Exercise requirements — Each line from the one holding "Second bathroom" to the last line below must be restated word for word, and no picture may be included.

Given data —
'''
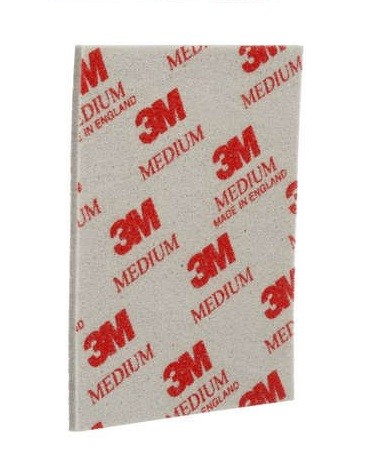 3M Sanding Sponge for Coarse Sanding - Medium, 115 mm x 140 mm (03808)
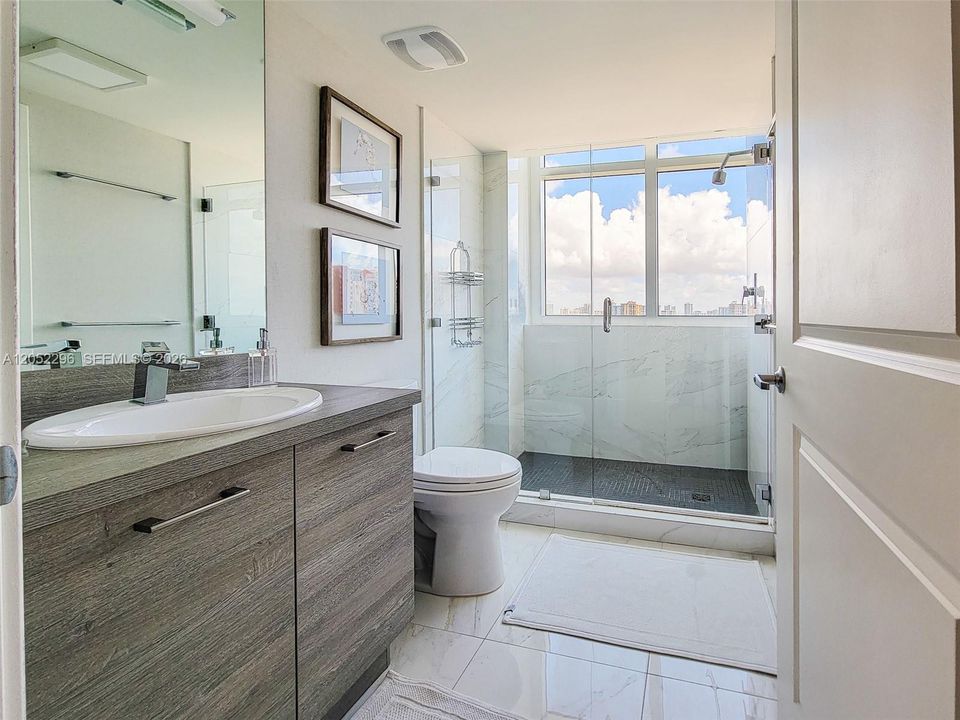 Second bathroom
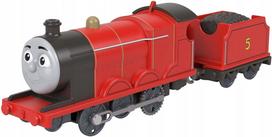 Vaikiškas traukinukas FISHER PRICE Tomek ir draugai James su JGF95 varikliu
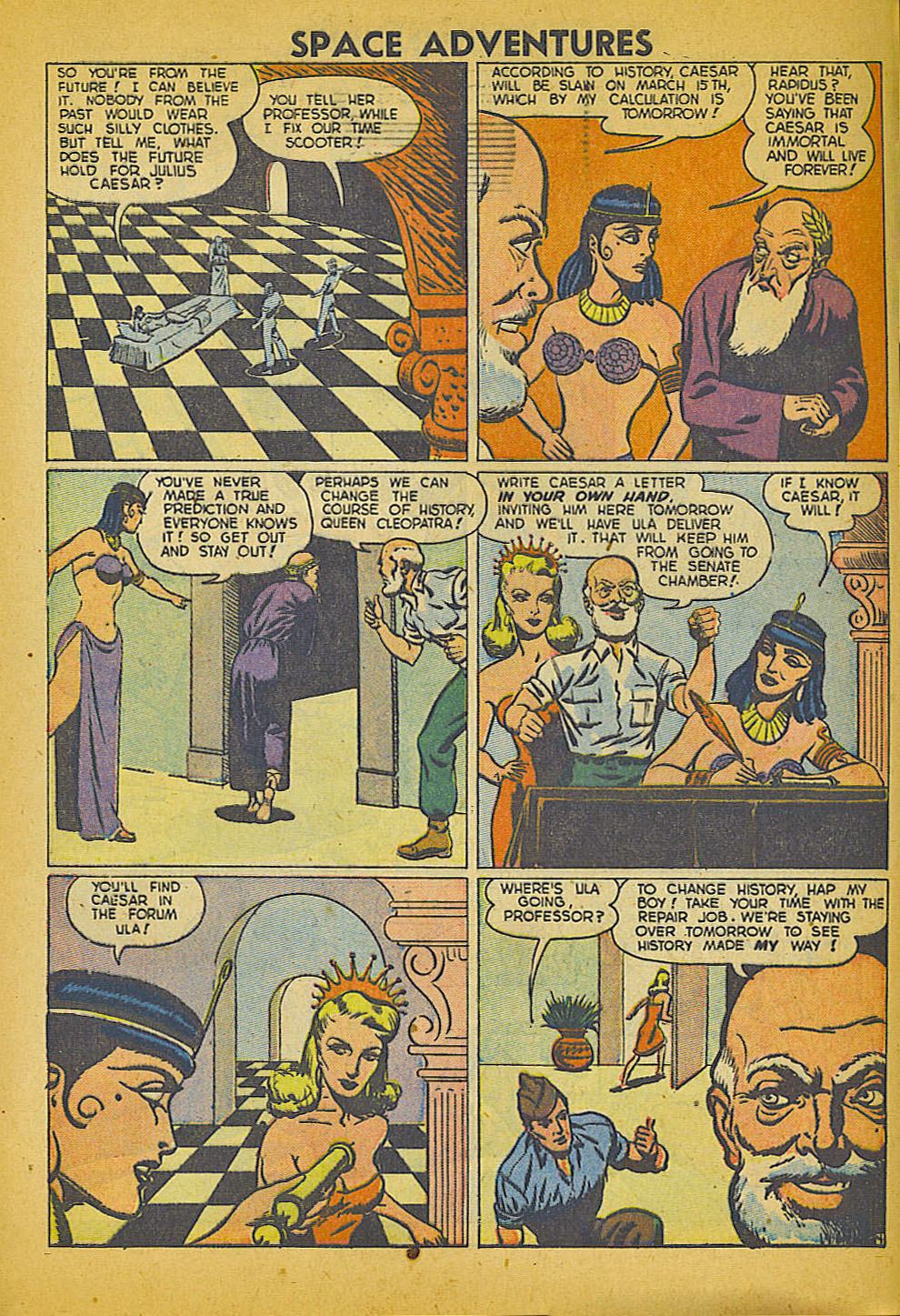 Read online Space Adventures comic -  Issue #3 - 29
'''
Solution for this exercise —
 Second bathroom
 Vaikiškas traukinukas FISHER PRICE Tomek ir draugai James su JGF95 varikliu
 Read online Space Adventures comic -  Issue #3 - 29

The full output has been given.